SANTIAGO (Reuters) - Chile’s mining regulator on Tuesday ordered a halt to all operations at two major copper mines, state-owned Codelco’s Chuquicamata and Freeport-McMoran Inc’s El Abra, to investigate separate fatal accidents.
“We are concerned that today August 30 we had two accidents with three lost lives,” said Rodrigo Alvarez, the head of the Sernageomin regulator, in a tweeted video comment.
“We’ve made two very difficult decisions for the industry. We’ve ordered the provisional and total suspension of both mines,” Alvarez added.
Codelco, the world’s No. 1 copper producer, suspended operations at century-old Chuquicamata after two workers were killed when the vehicle they were driving collided with a giant mining truck at around 1 p.m. local time (1200 EST).

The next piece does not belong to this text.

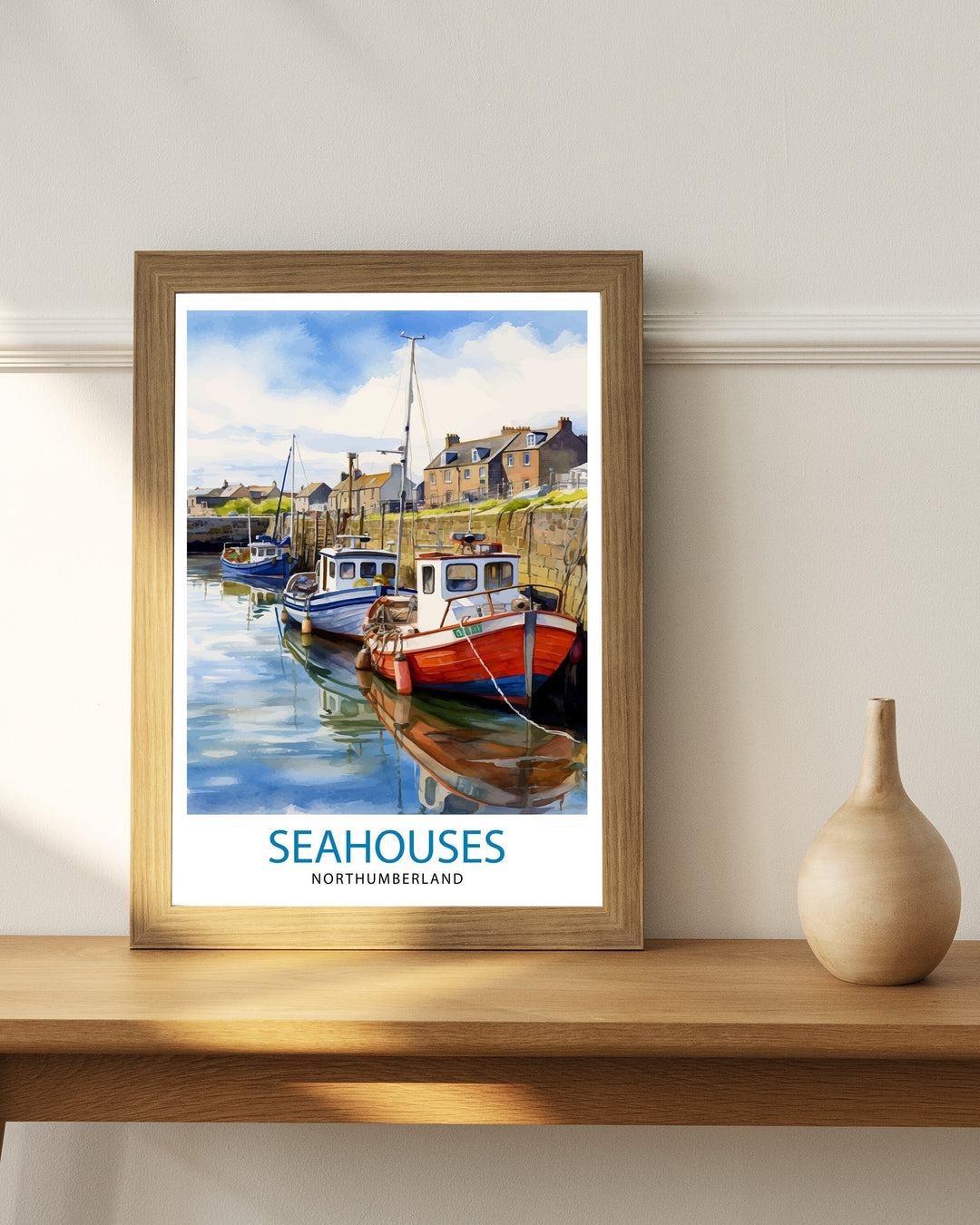 Seahouses Northumberland Travel Poster Northumberland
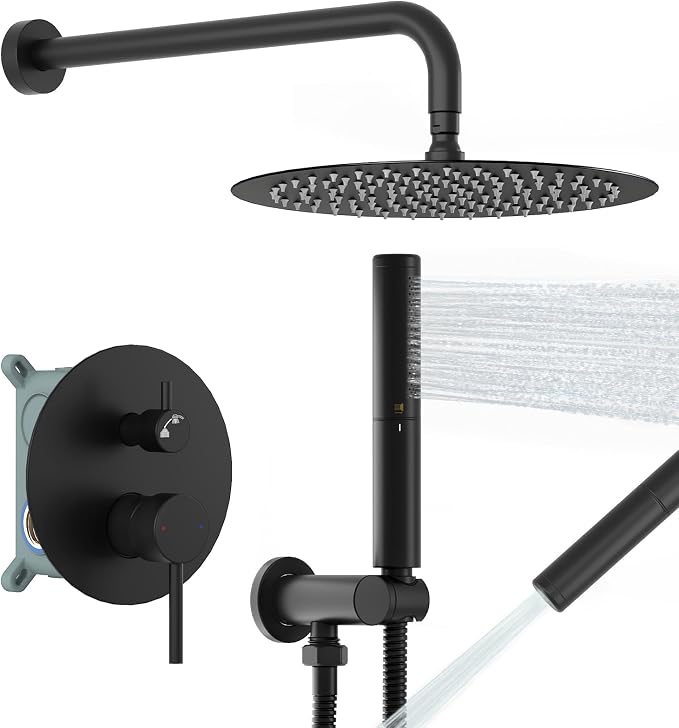 BESy Shower System with 10 Inch Round Rain Shower Head and Handheld Wall Mounted by BESy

El Abra said that a worker died after an accident at its acid unloading terminal.
“All the workers are affected,” the president of El Abra’s union, Juana Mejias, said as she choked back tears. “This is really terrible and it hurts and is a product of excess workload in which the company cares about producing and producing and has pushed safety to the sidelines.”
When asked about the union leader’s comments, Freeport referred to an earlier statement that said the company reiterates its commitment to worker safety.
The accidents come at a time when mining companies across the industry have cut costs and laid off workers to cope with plummeting copper prices.
Century-old Chuquicamata produced 309,000 tonnes of copper in 2015. El Abra, which is 51 percent owned by Freeport and 49 percent owned by Codelco [COBRE.UL], produced around 147,000 tonnes of copper last year.